An indefatigable worker, he produced the last three volumes of
The World Crisis
when serving as the cabinet’s busiest minister. Considered in their entirety, his achievements as an author in that decade were prodigious, though he was not the most successful political author of those years. Five days before Christmas, 1924, when he was writing his version of the Somme, a former German soldier who had been wounded in that battle left Landsberg Prison in southern Bavaria, where he had been serving time for attempting to overthrow the government, with the rough draft of a very different account under his arm. Like Churchill, Adolf Hitler had a problem with his title. He wanted to call it
Viereinhalb Jahre Kampf gegen Lüge, Dummheit und Feigheit
(“Four and a Half Years of Struggle against Lies, Stupidity and Cowardice”), but his publisher persuaded him to settle for
Mein Kampf
(“My Struggle”).
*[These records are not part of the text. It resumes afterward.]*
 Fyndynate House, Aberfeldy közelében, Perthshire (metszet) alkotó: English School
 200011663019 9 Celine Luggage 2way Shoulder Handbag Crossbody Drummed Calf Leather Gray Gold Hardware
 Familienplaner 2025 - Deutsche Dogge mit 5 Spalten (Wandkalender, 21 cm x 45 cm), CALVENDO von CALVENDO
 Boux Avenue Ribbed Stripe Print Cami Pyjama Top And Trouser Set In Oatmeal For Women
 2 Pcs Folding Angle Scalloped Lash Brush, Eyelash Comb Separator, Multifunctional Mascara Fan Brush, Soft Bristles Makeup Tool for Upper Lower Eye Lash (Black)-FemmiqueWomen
Within a few years, when its writer came to power,
Mein Kampf
’s presence would be almost obligatory in the homes of respectable burghers, and it led the list of his country’s most popular graduation and wedding gifts through the 1930s. How many actually read it—plowing through those desperate Teutonic sentences to find the verb at the end—is unknown, but its sales eventually exceeded six million copies, making it Germany’s number-one best-seller and bringing Hitler $1.8 million in royalties. Unlike Churchill, he paid no taxes on this income after 1933, having declared himself exempt from them. His prose, however, has not borne the test of time.